[DATASET EXTRACT]:
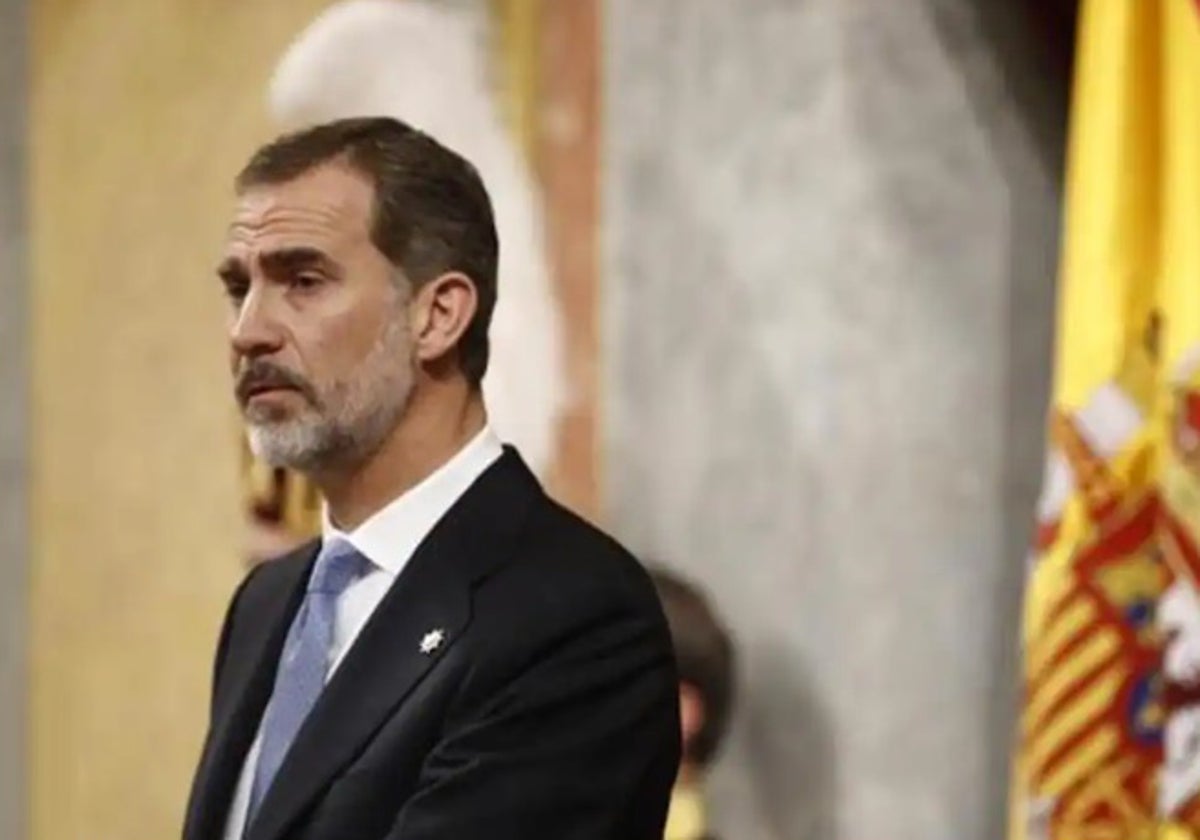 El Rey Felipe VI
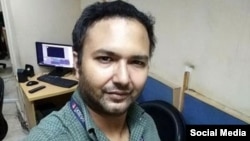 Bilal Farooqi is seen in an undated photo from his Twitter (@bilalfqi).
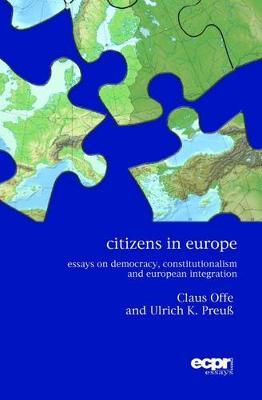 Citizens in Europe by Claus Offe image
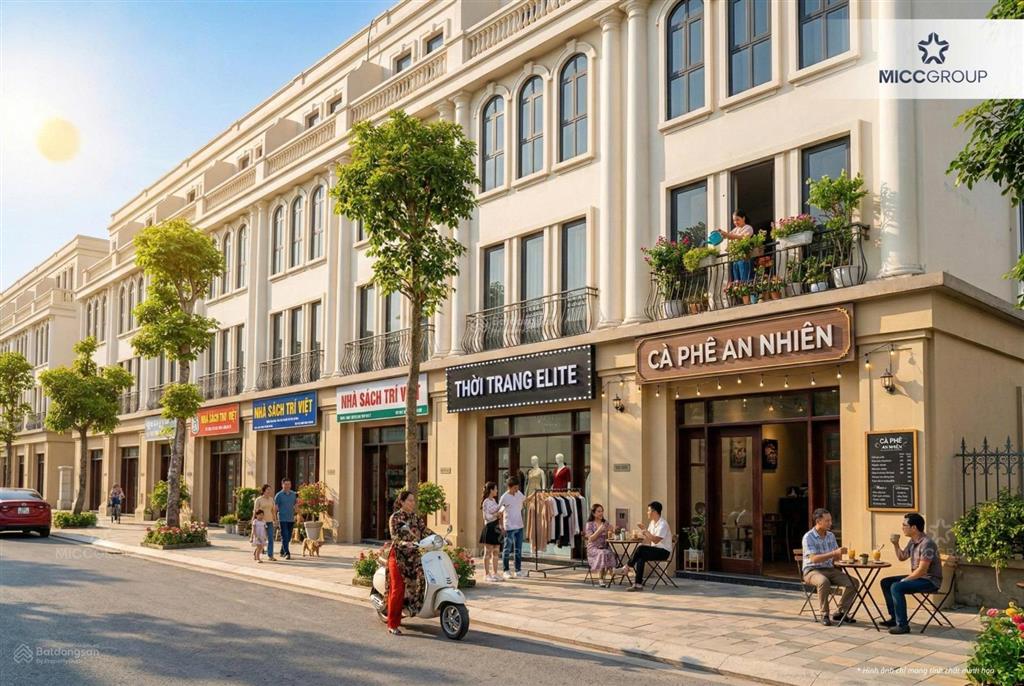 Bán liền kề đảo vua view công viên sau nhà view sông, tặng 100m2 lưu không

==

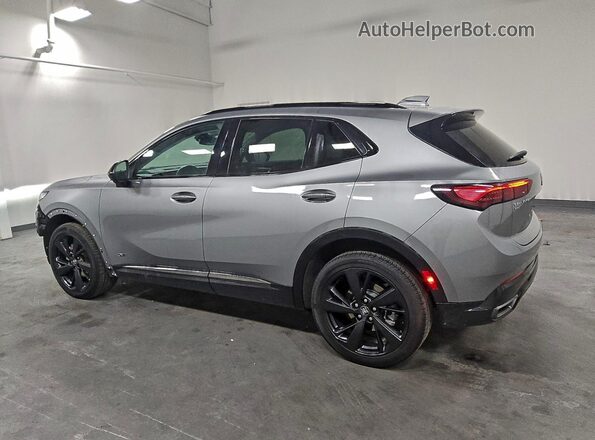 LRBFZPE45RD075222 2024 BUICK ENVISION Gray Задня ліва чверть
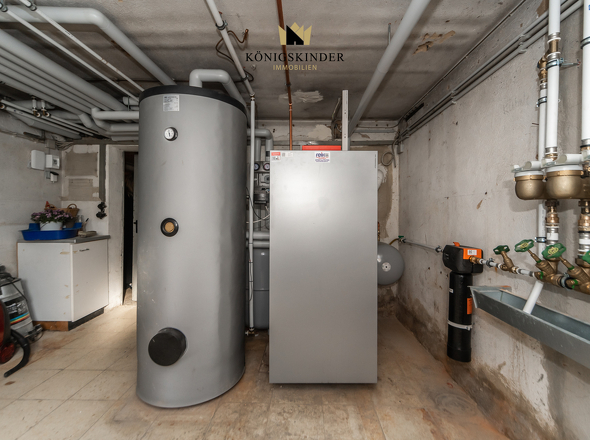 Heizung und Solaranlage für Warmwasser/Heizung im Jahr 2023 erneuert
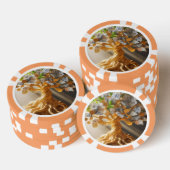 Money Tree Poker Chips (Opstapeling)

[WHAT THIS TASK INVOLVES]: In the listing above, find the line containing "Citizens in Europe by Claus Offe image" and the line containing "Bán liền kề", then print exactly those two lines and every line between them, minus the pictures.

[RESULT BELOW]:
 Citizens in Europe by Claus Offe image
 Bán liền kề đảo vua view công viên sau nhà view sông, tặng 100m2 lưu không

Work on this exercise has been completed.